City Homicide: articles

Pedersen and Garner in office

Looking for clues ... Aaron Pedersen and Nadine Garner in City Homicide.

Mystery within mysteries

It's a good thing Nadine Garner is a fan of mysteries: as one of the stars of Channel Seven's new police drama, City Homicide, she plays Detective Senior Constable Jennifer Mapplethorpe, working the toughest beat in policing, homicide.

Every case is a mystery of the highest order, with clues hidden in the smallest detail, killers out to hide themselves and victims long past being able to offer any help.

All she has are her own instincts to find the truth.

It's a situation she can relate to in her own life as she tries to get to the bottom of just who Mapplethorpe is.

"She's a very strong character ... she's not just playing brains to the brawn of the men around her, she's a leading player in a crew of homicide detectives," Garner said.

"But we don't know too much about her personally."

Mapplethorpe and her team, Garner said, are as much a mystery to be solved by City Homicide's viewers as the crimes they investigate.

And that, she said, is part of what will help make the series stand out from the raft of other police shows.

"As writers it must be quite seductive to want to reveal everything to the audience about the character you've created because you're excited about who they are, who they might fall in love with, who they clash with," Garner said.

"But here they've been very clever in setting the characters up and then letting them very subtly carve their way forward."

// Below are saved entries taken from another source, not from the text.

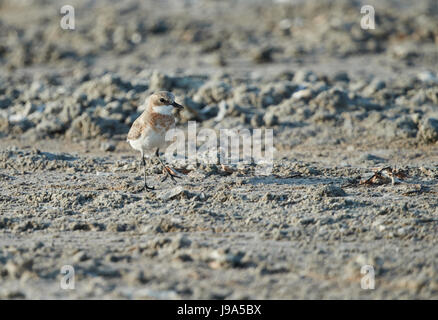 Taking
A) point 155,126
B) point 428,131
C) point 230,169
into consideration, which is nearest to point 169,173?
point 155,126

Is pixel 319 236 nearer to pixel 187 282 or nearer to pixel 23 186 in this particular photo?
pixel 187 282

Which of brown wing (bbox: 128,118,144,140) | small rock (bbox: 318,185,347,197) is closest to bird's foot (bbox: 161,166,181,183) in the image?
brown wing (bbox: 128,118,144,140)

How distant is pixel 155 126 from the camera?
6586 mm

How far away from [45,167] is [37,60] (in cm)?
680

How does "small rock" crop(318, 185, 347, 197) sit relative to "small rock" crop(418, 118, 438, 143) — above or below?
below

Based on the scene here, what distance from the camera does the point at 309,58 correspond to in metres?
13.1

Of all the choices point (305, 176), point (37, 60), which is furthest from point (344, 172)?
point (37, 60)

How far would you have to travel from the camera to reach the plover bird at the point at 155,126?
657cm

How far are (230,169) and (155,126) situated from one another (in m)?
1.00

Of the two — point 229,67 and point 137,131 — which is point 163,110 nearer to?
point 137,131

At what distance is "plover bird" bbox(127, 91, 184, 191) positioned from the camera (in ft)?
21.5

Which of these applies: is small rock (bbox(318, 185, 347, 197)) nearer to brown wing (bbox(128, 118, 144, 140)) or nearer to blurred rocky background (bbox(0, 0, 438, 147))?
brown wing (bbox(128, 118, 144, 140))

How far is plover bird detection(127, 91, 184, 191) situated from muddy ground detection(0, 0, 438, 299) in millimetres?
377

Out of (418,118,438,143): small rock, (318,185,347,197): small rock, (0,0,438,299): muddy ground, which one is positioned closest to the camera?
(0,0,438,299): muddy ground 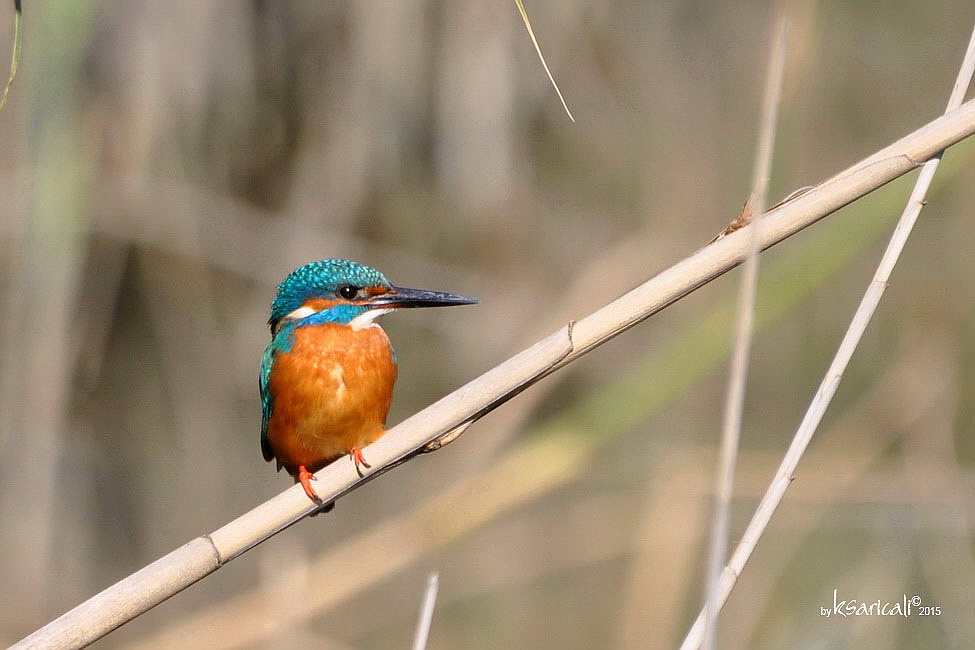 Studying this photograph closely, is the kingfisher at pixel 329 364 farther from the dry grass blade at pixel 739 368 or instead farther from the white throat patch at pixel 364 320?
the dry grass blade at pixel 739 368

What Garner does know of Mapplethorpe and her colleagues in the homicide squad of the unnamed Australian city where they work has been more than enough to convince her she made the right decision to return to Australian television after a long break.

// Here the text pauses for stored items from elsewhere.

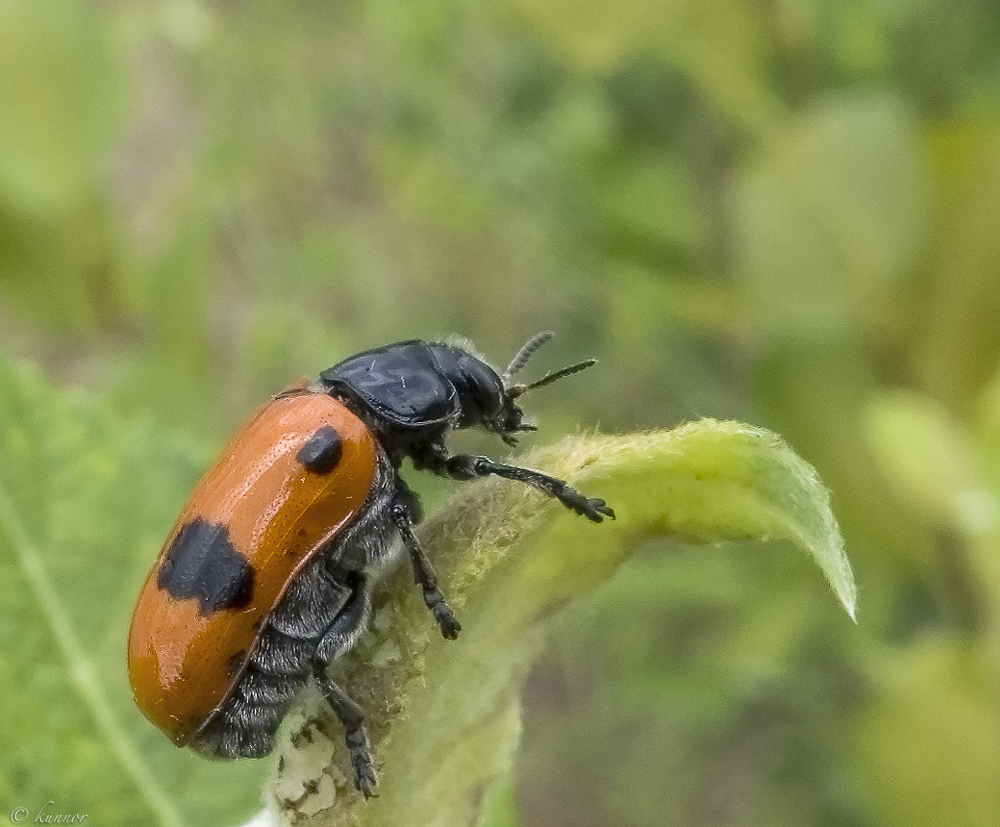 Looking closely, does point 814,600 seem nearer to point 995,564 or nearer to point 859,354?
point 859,354

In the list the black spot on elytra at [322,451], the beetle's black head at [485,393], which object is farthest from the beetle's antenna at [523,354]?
the black spot on elytra at [322,451]

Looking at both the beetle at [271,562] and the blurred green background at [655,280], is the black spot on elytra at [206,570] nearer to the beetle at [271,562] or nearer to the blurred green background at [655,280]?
the beetle at [271,562]

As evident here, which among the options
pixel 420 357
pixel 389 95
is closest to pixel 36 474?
pixel 420 357

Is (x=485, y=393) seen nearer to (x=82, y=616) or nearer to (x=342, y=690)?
(x=82, y=616)

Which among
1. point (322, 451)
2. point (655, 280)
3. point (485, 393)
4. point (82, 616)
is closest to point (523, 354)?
point (485, 393)

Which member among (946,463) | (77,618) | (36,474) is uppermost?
(36,474)

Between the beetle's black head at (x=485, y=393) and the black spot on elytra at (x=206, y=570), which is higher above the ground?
the black spot on elytra at (x=206, y=570)

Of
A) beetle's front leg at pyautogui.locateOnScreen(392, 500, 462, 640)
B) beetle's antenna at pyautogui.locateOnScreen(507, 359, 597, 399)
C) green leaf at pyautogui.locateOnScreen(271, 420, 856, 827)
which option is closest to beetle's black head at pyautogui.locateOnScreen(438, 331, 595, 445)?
beetle's antenna at pyautogui.locateOnScreen(507, 359, 597, 399) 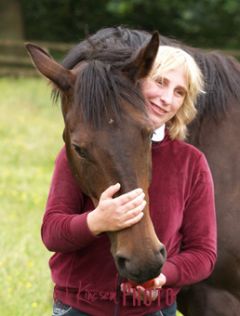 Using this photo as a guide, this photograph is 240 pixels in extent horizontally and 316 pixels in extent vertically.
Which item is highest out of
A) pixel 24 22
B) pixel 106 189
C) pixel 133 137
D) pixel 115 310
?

Already well-known locally for her role as Tammy Henderson (see flashback), Garner had been working overseas in stage and screen roles.

"She [Mapplethorpe] is one of those well-defined, striking adult female roles that are always great to have land in your lap," Garner said.

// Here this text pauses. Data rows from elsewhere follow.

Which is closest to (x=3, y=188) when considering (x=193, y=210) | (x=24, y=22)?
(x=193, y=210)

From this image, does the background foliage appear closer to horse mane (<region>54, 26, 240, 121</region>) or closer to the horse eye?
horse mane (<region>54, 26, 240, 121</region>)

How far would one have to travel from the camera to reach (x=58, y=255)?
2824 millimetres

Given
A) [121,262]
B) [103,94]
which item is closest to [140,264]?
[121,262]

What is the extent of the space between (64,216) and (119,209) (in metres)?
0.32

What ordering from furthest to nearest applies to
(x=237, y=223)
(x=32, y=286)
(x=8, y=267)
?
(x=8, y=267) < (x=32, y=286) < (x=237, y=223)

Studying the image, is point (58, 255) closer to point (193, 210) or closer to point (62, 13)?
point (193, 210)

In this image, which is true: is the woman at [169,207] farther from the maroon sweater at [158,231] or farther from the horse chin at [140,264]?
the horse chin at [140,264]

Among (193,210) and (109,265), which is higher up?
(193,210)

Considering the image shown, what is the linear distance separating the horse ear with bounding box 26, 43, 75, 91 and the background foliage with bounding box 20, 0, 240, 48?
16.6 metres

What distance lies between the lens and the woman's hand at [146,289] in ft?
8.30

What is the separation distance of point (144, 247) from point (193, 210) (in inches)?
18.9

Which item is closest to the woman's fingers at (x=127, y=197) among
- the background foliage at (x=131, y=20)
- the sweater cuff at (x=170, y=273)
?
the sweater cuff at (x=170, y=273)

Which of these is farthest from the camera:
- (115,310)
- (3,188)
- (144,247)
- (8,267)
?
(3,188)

"There's always lots of great roles for men and even in this show it's mainly blokes, but there's not so many for women.

"So this was a chance to come home and do something on a local network - some high-profile work in my home town which I haven't done for a long time.

"Even though I've been working for more than 20 years, a lot of the stuff I have done has been either on the ABC or low-budget films or on stage and you just don't reach the audience you do on a commercial network.

"Most of the time as an actor you just swallow that and accept it, so it is always a gift to get a role you love, you are comfortable with and is also going to be seen by a lot of people . . . that's just fantastic."

Why the law is not an ass

It's usually tough enough for Australian actors to land a role in one of the few major Australian dramas produced every year. This year, however, Aaron Pedersen has managed to star in two. In SBS's highly acclaimed The Circuit, he was a city lawyer working the remote Kimberley region and now in City Homicide he's a detective out to solve the unsolvable crimes. "When you're unemployed you always want to be be busy and when you're busy you just want to have time out!" Pedersen said. "But to be honest, I've been absolutely loving it being busy."

The Henderson Kids

Anyone who watched Nadine Garner as the youngest member of the iconic 1980s kids show The Henderson Kids might have had a clue that a career in policing could have been in her future. As 13-year-old Tammy Henderson, she stood up to local bullies, uncovered more than a few mysteries and even helped battle a local land developer. Moving up to homicide was almost a logical step.